Provided data -
--------
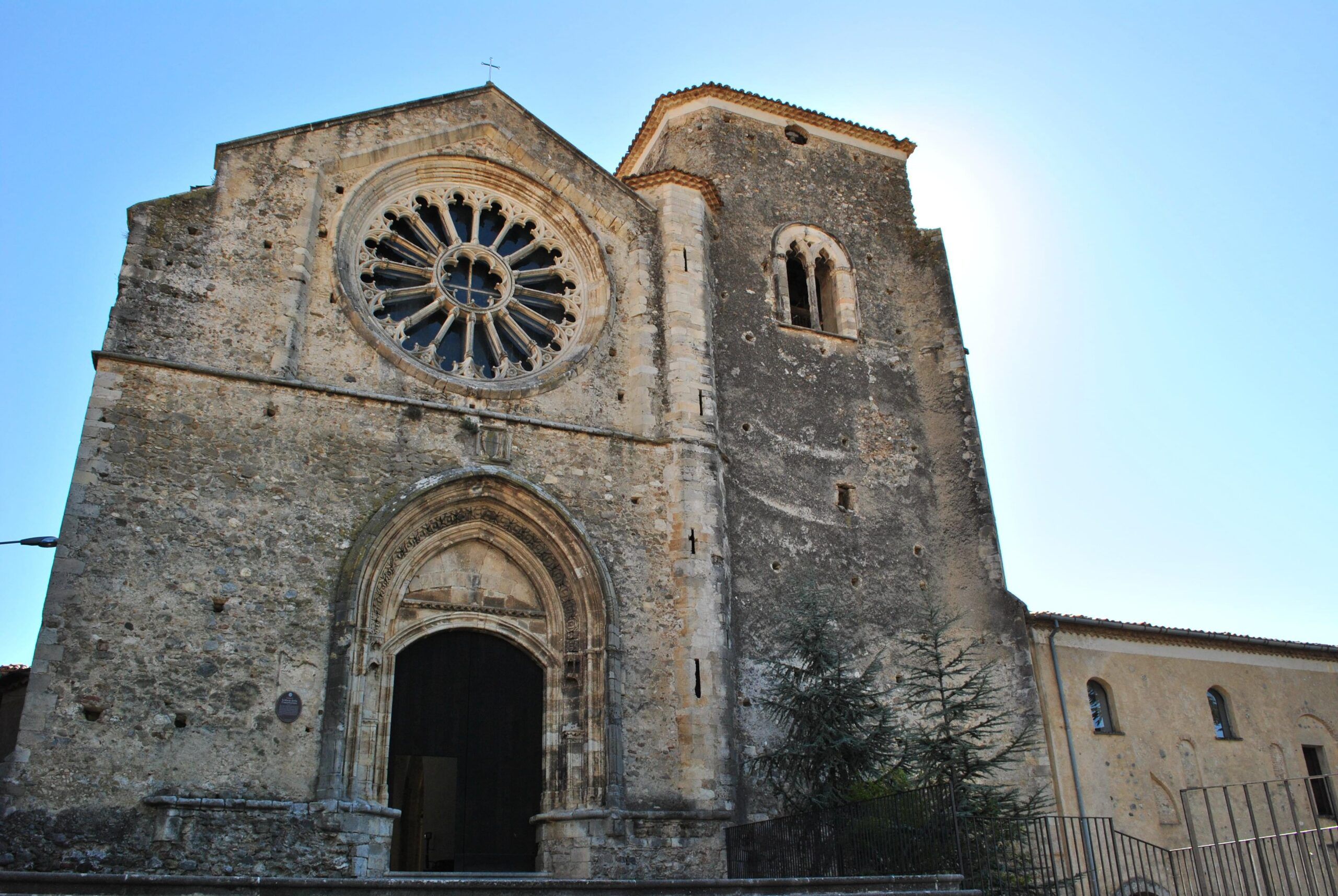 Chiesa Santa Maria della Consolazione Altomonte.min scaled 2bd3e449 - Meraviglie di Calabria - 41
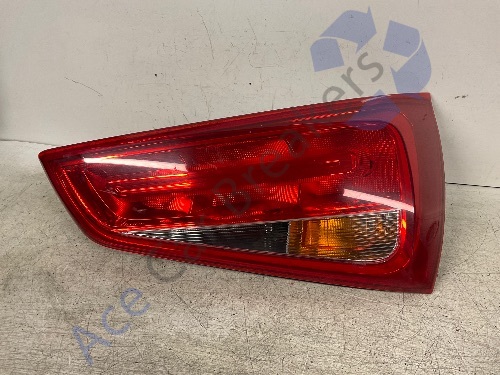 Audi A1 8X 10-14 Pre-Facelift Driver Right Rear Light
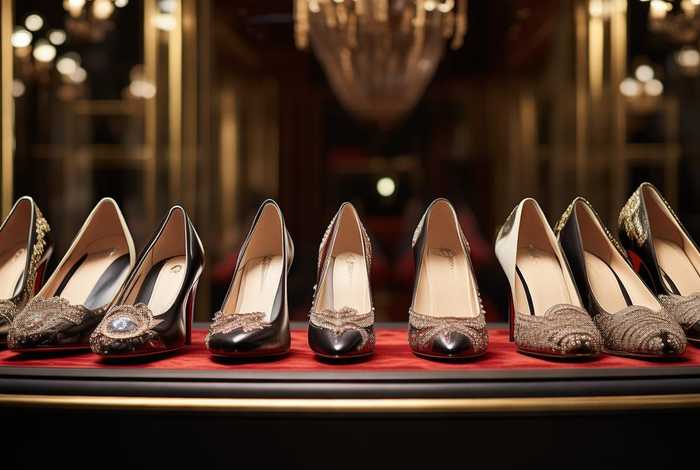 世界十大鞋奢侈品牌排行榜（世界十大鞋奢侈品牌排行榜图片）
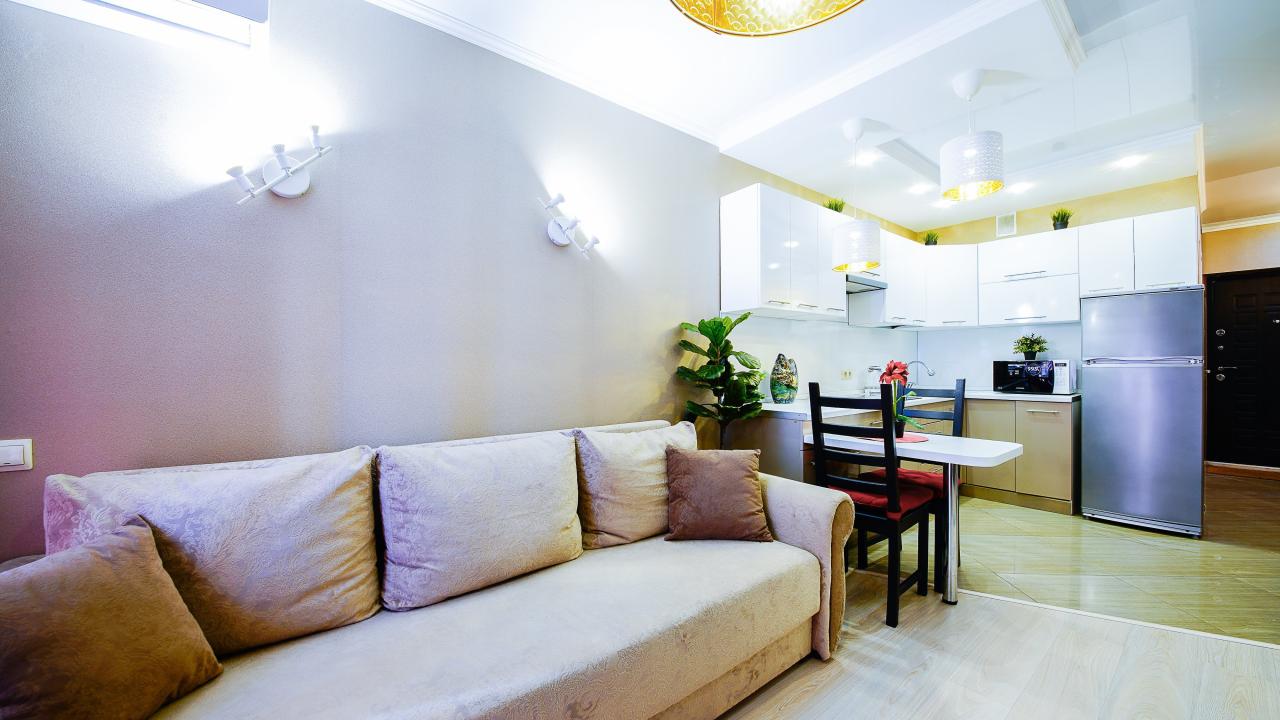 Real photos of Apartments on V.N. Simbirtsev street 40B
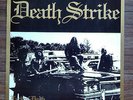 Death Strike - Fuckin' Death LP | NB 044, Nuclear Blast 1991 | Speckmann, Master
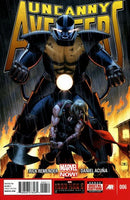 Uncanny Avengers, Vol. 1 The Apocalypse Twins, Part One |  Issue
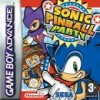 Juego online Sonic Pinball Party (GBA)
--------
Return the records exactly as they stand, and drop every picture.

Finished exercise -
 Chiesa Santa Maria della Consolazione Altomonte.min scaled 2bd3e449 - Meraviglie di Calabria - 41
 Audi A1 8X 10-14 Pre-Facelift Driver Right Rear Light
 世界十大鞋奢侈品牌排行榜（世界十大鞋奢侈品牌排行榜图片）
 Real photos of Apartments on V.N. Simbirtsev street 40B
 Death Strike - Fuckin' Death LP | NB 044, Nuclear Blast 1991 | Speckmann, Master
 Uncanny Avengers, Vol. 1 The Apocalypse Twins, Part One |  Issue
 Juego online Sonic Pinball Party (GBA)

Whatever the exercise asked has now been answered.